BEGIN
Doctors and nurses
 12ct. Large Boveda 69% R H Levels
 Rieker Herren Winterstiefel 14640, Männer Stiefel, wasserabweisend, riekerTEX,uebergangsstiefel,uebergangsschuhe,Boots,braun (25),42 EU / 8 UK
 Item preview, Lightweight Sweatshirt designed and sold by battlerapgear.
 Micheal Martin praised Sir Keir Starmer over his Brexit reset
END
What you have to do — Reproduce, word for word, the line containing "12ct. Large Boveda 69% R H Levels" along with every later line of the listing, and leave out all earlier lines.

Exercise solution —
 12ct. Large Boveda 69% R H Levels
 Rieker Herren Winterstiefel 14640, Männer Stiefel, wasserabweisend, riekerTEX,uebergangsstiefel,uebergangsschuhe,Boots,braun (25),42 EU / 8 UK
 Item preview, Lightweight Sweatshirt designed and sold by battlerapgear.
 Micheal Martin praised Sir Keir Starmer over his Brexit reset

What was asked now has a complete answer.